In this study, flake Zn2Ti3O8, TiO2 and rod ZnO catalysts were successfully synthesized by hydrothermal and calcination methods, and the catalytic performance of the three catalysts for MgH2 was compared. Notably, Zn2Ti3O8 had a significant synergistic enhancement effect on the dehydrogenation temperature and desorption kinetics of MgH2. The experimental results showed that the dehydrogenation of MgH2 + 12 wt% Zn2Ti3O8 composite started at about 195 °C, which was about 150 °C lower than that of pure MgH2. Moreover, at 325 °C, MgH2 released only 3.06 wt% H2 in 20 min, whereas the MgH2 + 12 wt% Zn2Ti3O8 composite released the same amount of hydrogen at 250 °C in 3 min.

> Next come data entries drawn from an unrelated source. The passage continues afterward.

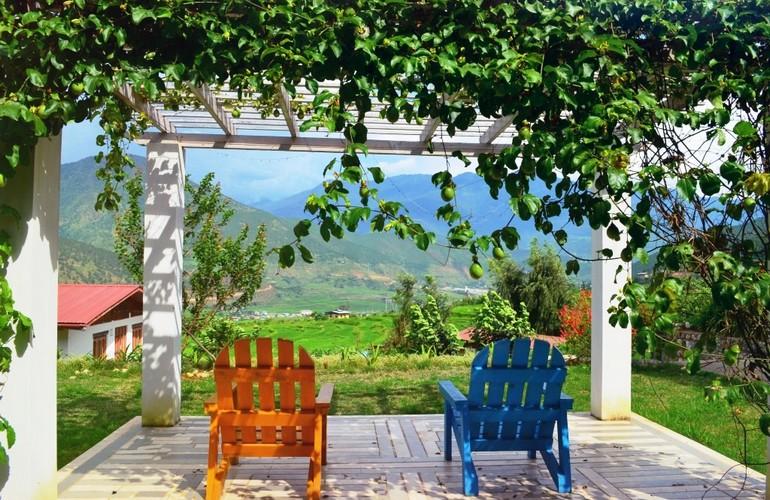 Terrace, Drubchhu Resort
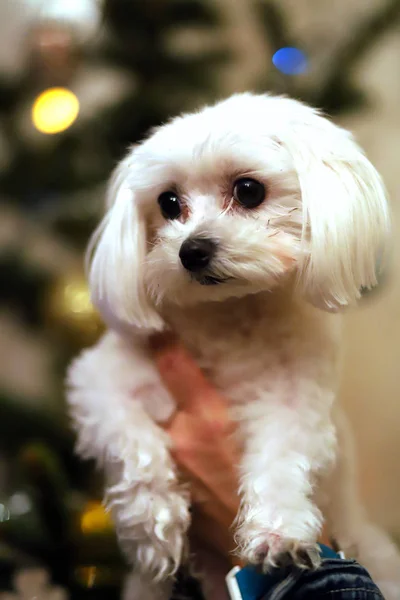 Maltese dog christmas portrait.  Beautiful female maltese dog puppy portrait against christmas lights in front of a christmas tree. Unknown lady hold a maltese puppy against christmas tree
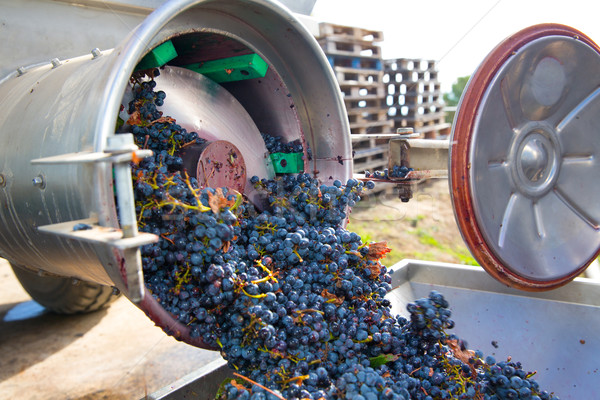 Dugóhúzó borkészítés szőlő gyümölcs ipar farm Stock fotó © lunamarina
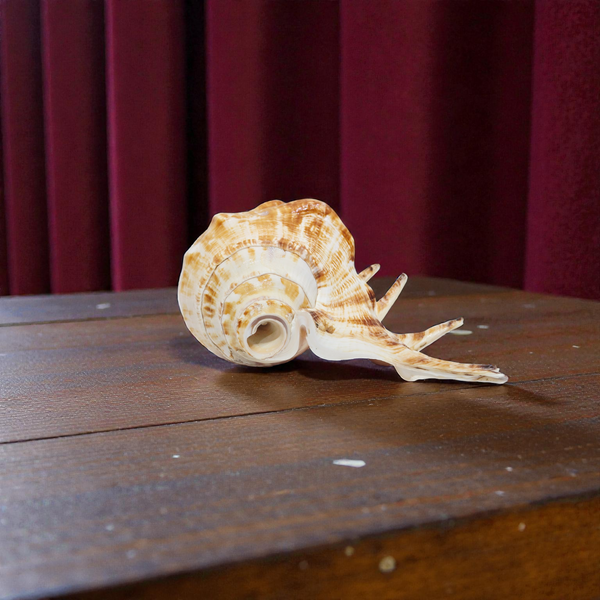 Khadi Natural Heera Shankh – Rare Right Handed Spiritual Shell for Wealth, Prosperity & Vastu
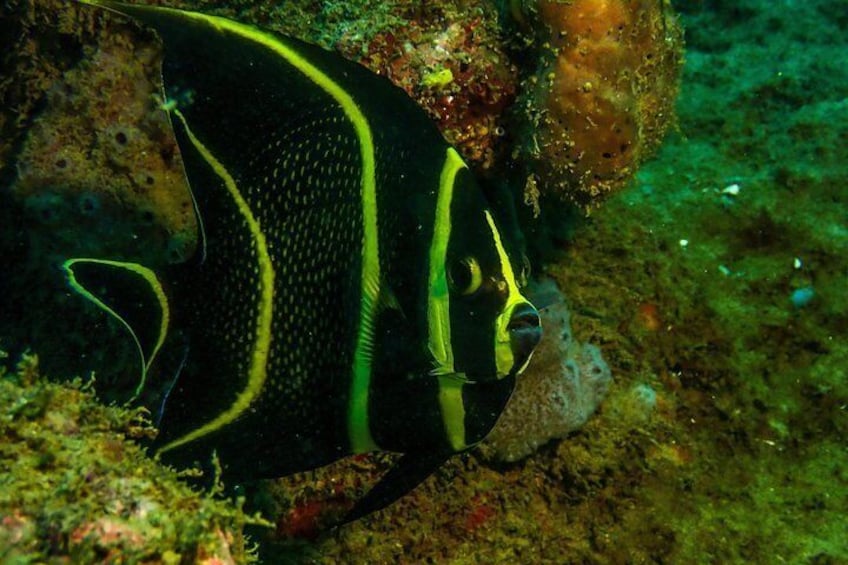 Rincon Puerto Rico Scuba & Snorkeling tours. Steps Beach Diving over amazing coral reef 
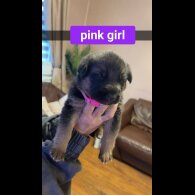 German Shepherd (Alsatian)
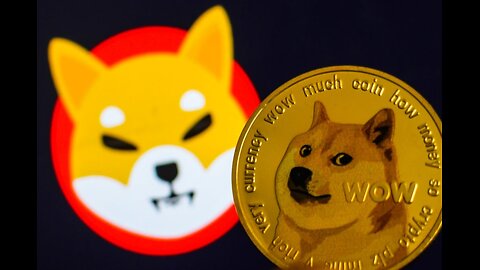 Fundador da Solanasolta o verbo e classifica Memecoins como "Lixo Digital".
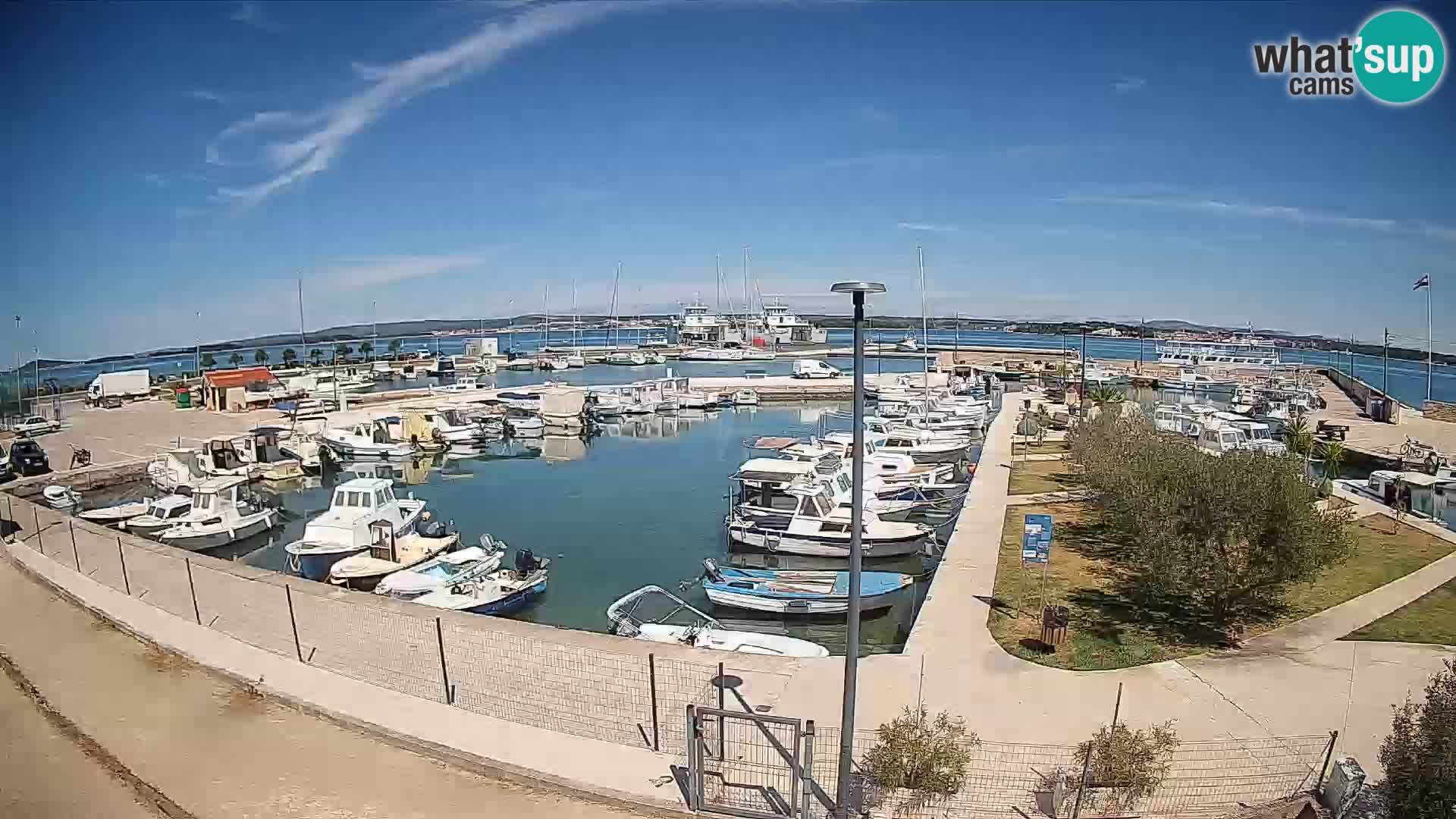 Webcam Live Tkon – Yachthafen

After complete dehydrogenation, the MgH2 + 12 wt% Zn2Ti3O8 composite initiated hydrogen uptake at 40 °C and absorbed about 6.05 wt% of H2 in 60 min at 200 °C. The hydrogen uptake activation energy and dehydrogenation activation energy of the composites were reduced by 24.56 kJ/mol and 44.67 kJ/mol, respectively, when compared to the pure MgH2. Cycling experiments showed that after 20 cycles, the MgH2 + 12 wt% Zn2Ti3O8 composite maintained good cycling stability and the hydrogen storage capacity was still more than 96 %. Therefore, the composite exhibits excellent catalytic and hydrogen storage properties, and has potential applications in improving the hydrogen release rate and reducing the activation energy.